GOAL OF THE EXERCISE:
Output each line of the data word for word, from the first through the line that holds "Mars: War Logs – New Xbox Account | Global", and leave off whatever follows.

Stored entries
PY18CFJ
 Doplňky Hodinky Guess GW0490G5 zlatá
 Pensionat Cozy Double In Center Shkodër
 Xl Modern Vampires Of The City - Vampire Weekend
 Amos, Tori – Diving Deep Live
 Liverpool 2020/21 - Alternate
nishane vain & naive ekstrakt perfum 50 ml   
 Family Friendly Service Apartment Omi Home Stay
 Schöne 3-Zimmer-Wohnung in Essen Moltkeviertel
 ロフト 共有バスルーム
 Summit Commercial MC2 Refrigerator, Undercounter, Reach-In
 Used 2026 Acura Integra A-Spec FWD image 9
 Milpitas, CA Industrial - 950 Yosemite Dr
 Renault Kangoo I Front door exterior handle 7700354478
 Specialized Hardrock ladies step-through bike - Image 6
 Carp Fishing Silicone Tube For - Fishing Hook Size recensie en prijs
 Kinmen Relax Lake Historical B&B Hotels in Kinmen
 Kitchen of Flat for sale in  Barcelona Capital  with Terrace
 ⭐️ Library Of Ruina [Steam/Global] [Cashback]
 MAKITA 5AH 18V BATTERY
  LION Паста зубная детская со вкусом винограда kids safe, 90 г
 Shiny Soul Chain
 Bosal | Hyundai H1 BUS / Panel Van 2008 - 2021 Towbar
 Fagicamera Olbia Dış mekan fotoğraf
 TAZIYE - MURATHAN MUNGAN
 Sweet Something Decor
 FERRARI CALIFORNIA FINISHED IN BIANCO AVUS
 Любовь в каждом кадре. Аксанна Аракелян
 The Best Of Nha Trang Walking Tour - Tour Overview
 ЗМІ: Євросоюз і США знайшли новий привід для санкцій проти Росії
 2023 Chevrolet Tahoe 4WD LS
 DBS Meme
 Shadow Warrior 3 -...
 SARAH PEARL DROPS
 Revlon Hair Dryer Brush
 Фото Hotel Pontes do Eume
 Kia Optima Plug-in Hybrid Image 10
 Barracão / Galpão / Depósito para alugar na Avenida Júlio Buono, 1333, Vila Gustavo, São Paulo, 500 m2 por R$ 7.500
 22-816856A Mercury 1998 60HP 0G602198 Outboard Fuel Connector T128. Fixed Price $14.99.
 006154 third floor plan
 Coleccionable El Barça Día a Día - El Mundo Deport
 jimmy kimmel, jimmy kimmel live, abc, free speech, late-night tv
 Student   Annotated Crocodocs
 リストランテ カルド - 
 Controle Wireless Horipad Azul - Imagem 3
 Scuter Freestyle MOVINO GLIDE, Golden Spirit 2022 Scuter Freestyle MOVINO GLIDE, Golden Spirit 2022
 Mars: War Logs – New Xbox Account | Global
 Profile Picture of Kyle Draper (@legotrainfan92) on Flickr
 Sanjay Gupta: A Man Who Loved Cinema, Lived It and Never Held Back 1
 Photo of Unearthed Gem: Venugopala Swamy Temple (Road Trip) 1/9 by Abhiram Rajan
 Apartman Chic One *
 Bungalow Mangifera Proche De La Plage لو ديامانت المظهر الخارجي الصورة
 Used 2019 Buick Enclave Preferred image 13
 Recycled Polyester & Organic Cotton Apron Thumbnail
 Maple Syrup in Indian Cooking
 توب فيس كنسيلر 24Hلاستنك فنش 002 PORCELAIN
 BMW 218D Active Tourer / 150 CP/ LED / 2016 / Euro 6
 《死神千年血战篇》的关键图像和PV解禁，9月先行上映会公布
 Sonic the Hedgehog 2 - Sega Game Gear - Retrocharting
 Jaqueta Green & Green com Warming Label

TASK RESPONSE:
PY18CFJ
 Doplňky Hodinky Guess GW0490G5 zlatá
 Pensionat Cozy Double In Center Shkodër
 Xl Modern Vampires Of The City - Vampire Weekend
 Amos, Tori – Diving Deep Live
 Liverpool 2020/21 - Alternate
nishane vain & naive ekstrakt perfum 50 ml   
 Family Friendly Service Apartment Omi Home Stay
 Schöne 3-Zimmer-Wohnung in Essen Moltkeviertel
 ロフト 共有バスルーム
 Summit Commercial MC2 Refrigerator, Undercounter, Reach-In
 Used 2026 Acura Integra A-Spec FWD image 9
 Milpitas, CA Industrial - 950 Yosemite Dr
 Renault Kangoo I Front door exterior handle 7700354478
 Specialized Hardrock ladies step-through bike - Image 6
 Carp Fishing Silicone Tube For - Fishing Hook Size recensie en prijs
 Kinmen Relax Lake Historical B&B Hotels in Kinmen
 Kitchen of Flat for sale in  Barcelona Capital  with Terrace
 ⭐️ Library Of Ruina [Steam/Global] [Cashback]
 MAKITA 5AH 18V BATTERY
  LION Паста зубная детская со вкусом винограда kids safe, 90 г
 Shiny Soul Chain
 Bosal | Hyundai H1 BUS / Panel Van 2008 - 2021 Towbar
 Fagicamera Olbia Dış mekan fotoğraf
 TAZIYE - MURATHAN MUNGAN
 Sweet Something Decor
 FERRARI CALIFORNIA FINISHED IN BIANCO AVUS
 Любовь в каждом кадре. Аксанна Аракелян
 The Best Of Nha Trang Walking Tour - Tour Overview
 ЗМІ: Євросоюз і США знайшли новий привід для санкцій проти Росії
 2023 Chevrolet Tahoe 4WD LS
 DBS Meme
 Shadow Warrior 3 -...
 SARAH PEARL DROPS
 Revlon Hair Dryer Brush
 Фото Hotel Pontes do Eume
 Kia Optima Plug-in Hybrid Image 10
 Barracão / Galpão / Depósito para alugar na Avenida Júlio Buono, 1333, Vila Gustavo, São Paulo, 500 m2 por R$ 7.500
 22-816856A Mercury 1998 60HP 0G602198 Outboard Fuel Connector T128. Fixed Price $14.99.
 006154 third floor plan
 Coleccionable El Barça Día a Día - El Mundo Deport
 jimmy kimmel, jimmy kimmel live, abc, free speech, late-night tv
 Student   Annotated Crocodocs
 リストランテ カルド - 
 Controle Wireless Horipad Azul - Imagem 3
 Scuter Freestyle MOVINO GLIDE, Golden Spirit 2022 Scuter Freestyle MOVINO GLIDE, Golden Spirit 2022
 Mars: War Logs – New Xbox Account | Global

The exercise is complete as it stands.